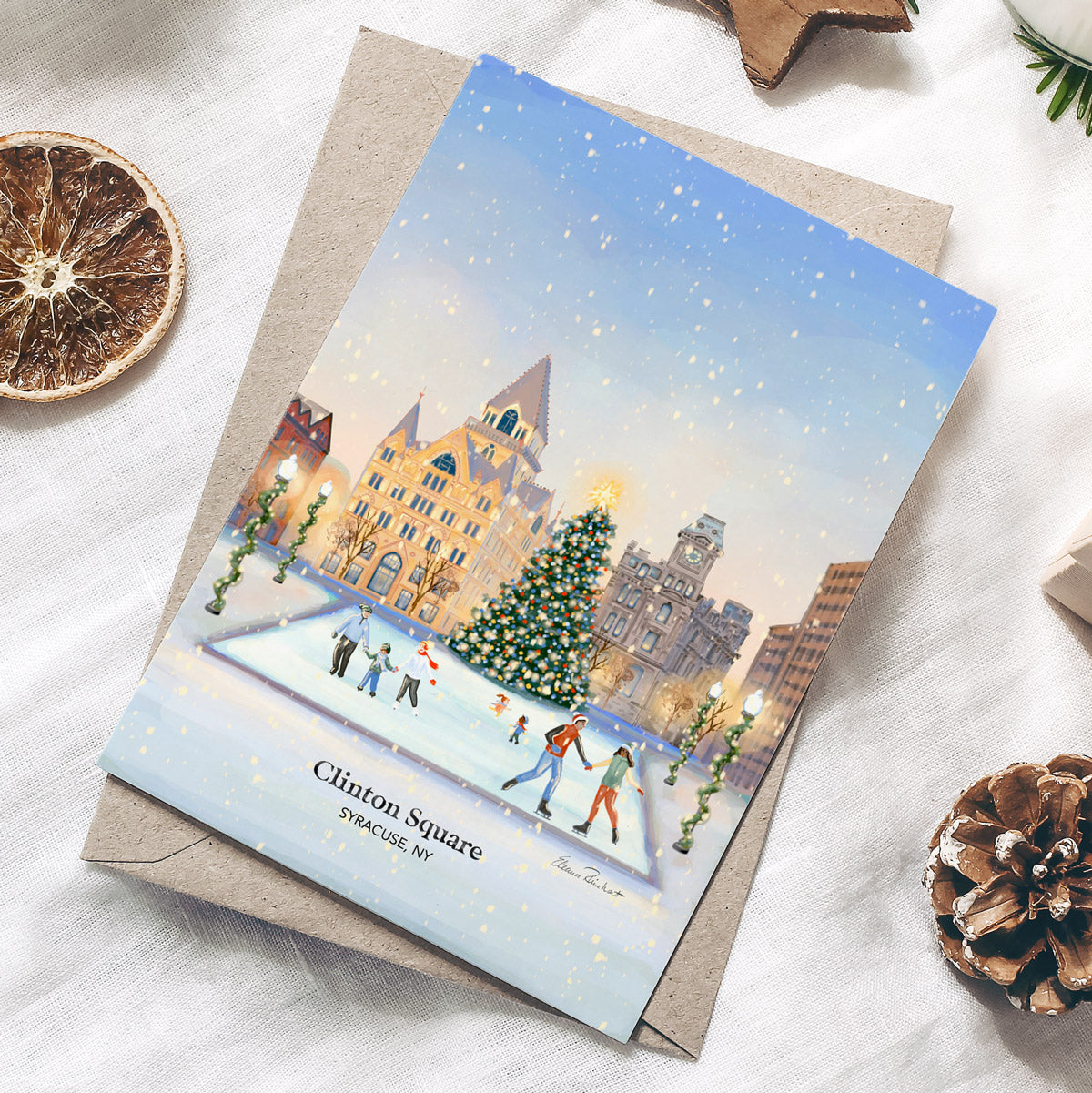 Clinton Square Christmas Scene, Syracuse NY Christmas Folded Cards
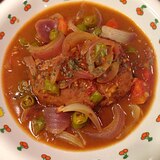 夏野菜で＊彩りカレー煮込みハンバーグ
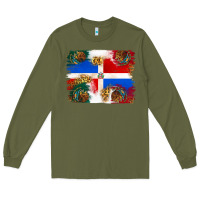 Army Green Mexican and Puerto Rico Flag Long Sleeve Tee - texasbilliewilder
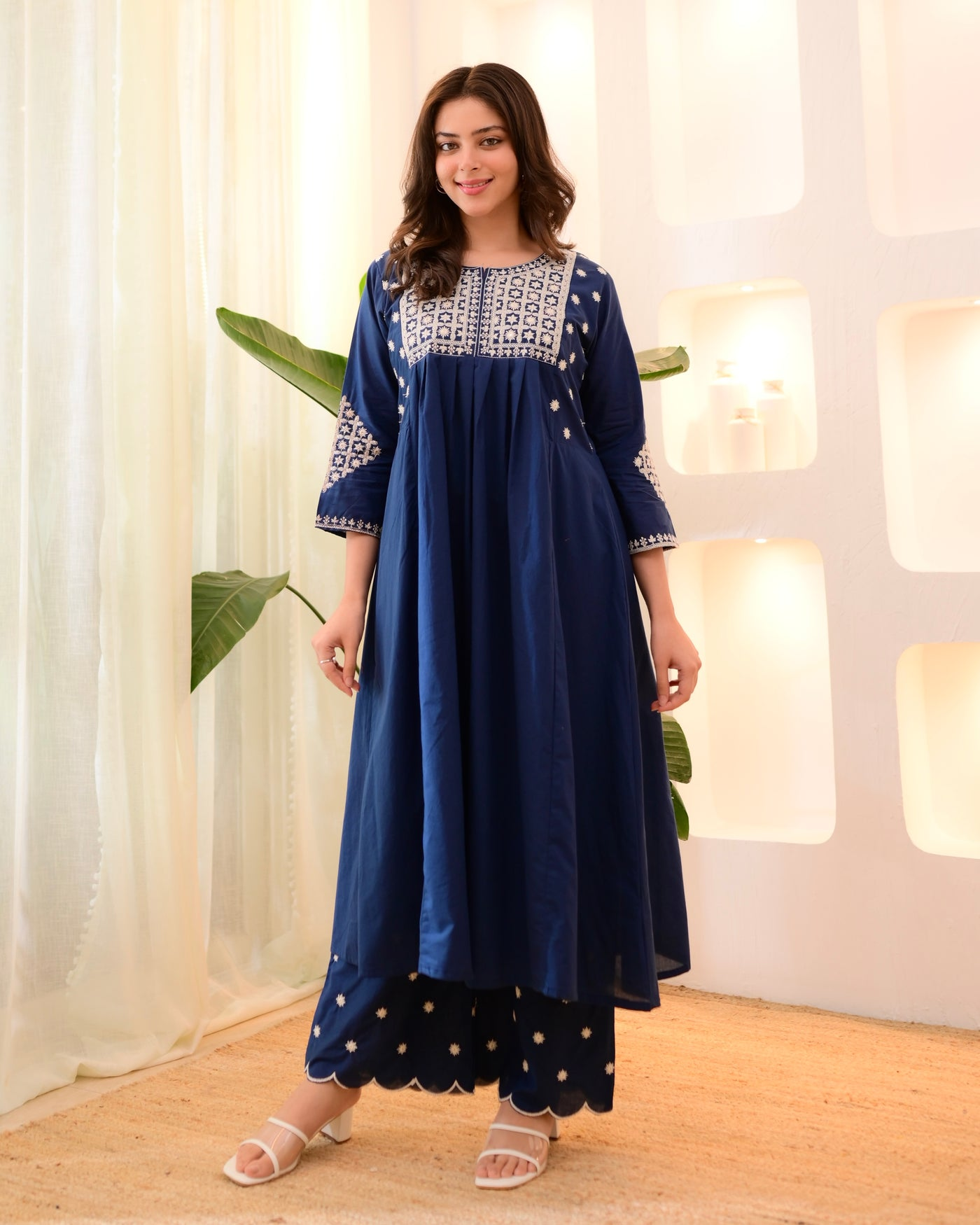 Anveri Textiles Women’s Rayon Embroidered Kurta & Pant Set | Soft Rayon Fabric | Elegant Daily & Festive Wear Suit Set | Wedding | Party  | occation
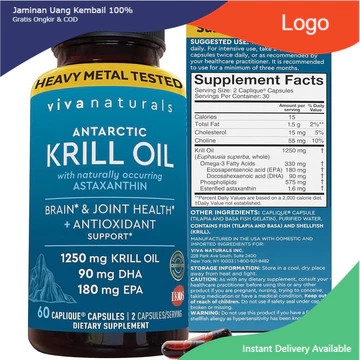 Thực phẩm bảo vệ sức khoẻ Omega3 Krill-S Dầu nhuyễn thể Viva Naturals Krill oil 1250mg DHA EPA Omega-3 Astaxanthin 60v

**Your task**
Please return the records above exactly as written, dropping every picture.

**Answer section**
 Clinton Square Christmas Scene, Syracuse NY Christmas Folded Cards
 夏野菜で＊彩りカレー煮込みハンバーグ
 Army Green Mexican and Puerto Rico Flag Long Sleeve Tee - texasbilliewilder
 Anveri Textiles Women’s Rayon Embroidered Kurta & Pant Set | Soft Rayon Fabric | Elegant Daily & Festive Wear Suit Set | Wedding | Party  | occation
 Thực phẩm bảo vệ sức khoẻ Omega3 Krill-S Dầu nhuyễn thể Viva Naturals Krill oil 1250mg DHA EPA Omega-3 Astaxanthin 60v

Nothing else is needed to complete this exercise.